● **Supplied records**:
┏━━
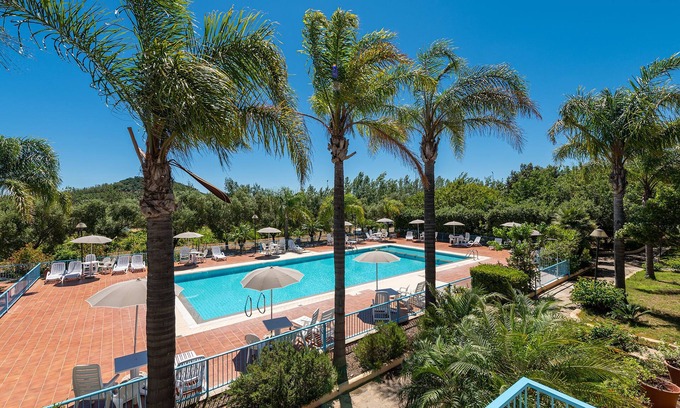 Cardedu Apartment | Relaxing Oceanfront Apartment in Cardedu with Pool Access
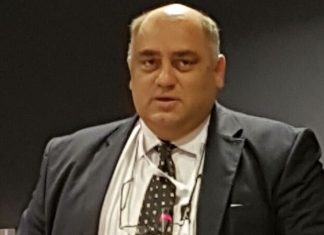 Zemon: Shqiptarët nuk janë përçarë shkaku i religjionit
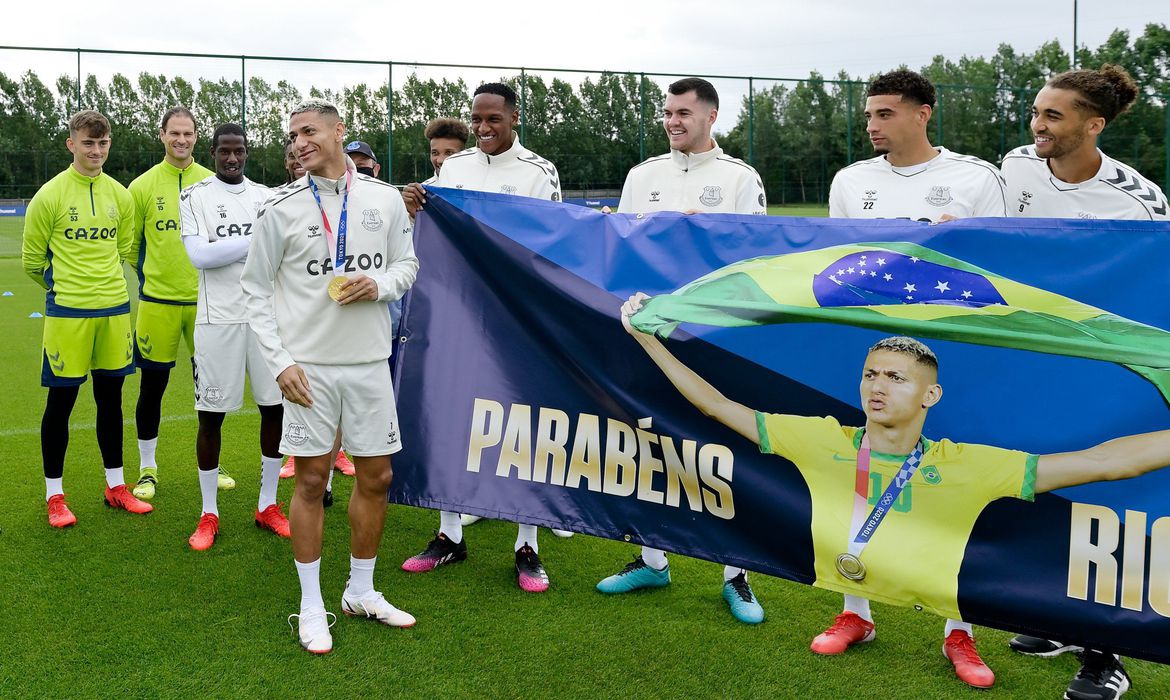Camisa 10 Richarlison ganha homenagem do Everton pelo ouro em Tóquio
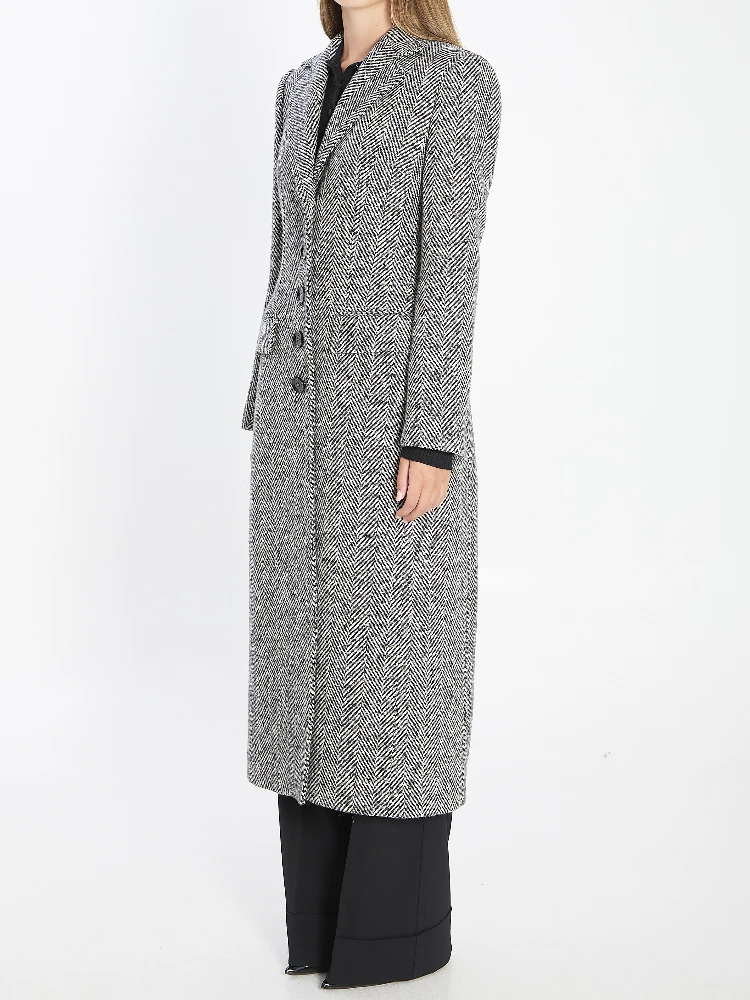 Single-breasted coat alternative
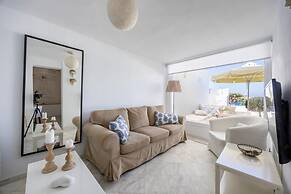 B4 Cycladic Home for 6 by the Beach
┗━━
● **Instructions for the task**:
Line by line, write out the material exactly, leaving the images out.

● **Answer box**:
 Cardedu Apartment | Relaxing Oceanfront Apartment in Cardedu with Pool Access
 Zemon: Shqiptarët nuk janë përçarë shkaku i religjionit
Camisa 10 Richarlison ganha homenagem do Everton pelo ouro em Tóquio
 Single-breasted coat alternative
 B4 Cycladic Home for 6 by the Beach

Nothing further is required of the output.